These past few weeks that I spent at the beach were some pretty amazing times for me, and would never have expected that change in my life would be a result of the time spent there. While I was at the beach, I saw a picture of myself sitting on the sand, my bible in my lap as the ocean lapped against the shore, and me and my Jesus sitting and talking as the sun crested the horizon. I felt such an overwhelming sense of peace and serenity at that moment, and thought to myself, “I could live here.” The more time I spent out there, the more I desired to live there. When I came home I told my husband of the desire that began to well up within me while I was there, and he replied, “I would love to live at the beach.” We talked about it atlength and decided that if that is where the Lord God wants us, then we will go willingly. We decided that we would begin praying about it and see if the Lord God opened the doors for us to move to the ocean.
As I was praying this morning about the desire that was in my heart, I was reminded of the passage of scripture in Psalm 37:4, so I opened my Bible and read:
“Delight yourself also in the Lord, and He shall give you the desires of your heart.”
Living at the beach has never been something I wanted to do. In fact, when my kids were little, I dreaded going to the beach. (My husband even brought that point up to me.) But as I thought and pondered on why this desire to live at the beach was now in me, I remembered why I never wanted to be there before.

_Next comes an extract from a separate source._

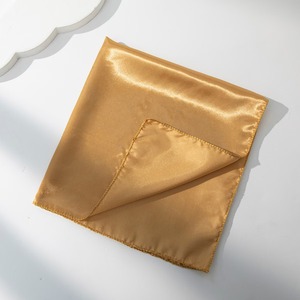Foulard carré en satin imprimé avec logo personnalisé, motif à pois ou à carreaux, accessoire bandana, idéal pour toutes les saisons – Ventes Flash - Product Image 3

For those of us who have small children, going to the beach was a chore, there was no relaxing for mom and dad- it was all about sunscreen, sand and keeping them from going too deep. But now, with my children grown and my husband and I starting our empty nest phase, the draw to the ocean was too much to resist.
He desires to do us good all the days of our lives, and when we put our trust and hope in Him, He then takes our hearts and begins to mold them into the shape He desires. The Psalmist also writes that when we “delight” ourselves in the Lord, He shall give us the desires of our hearts. My desire has never been to live at the beach, or to live that close to the ocean, but the Lord God, because my heart is Play-Dough in His hands will place in my heart the desires that He has for me.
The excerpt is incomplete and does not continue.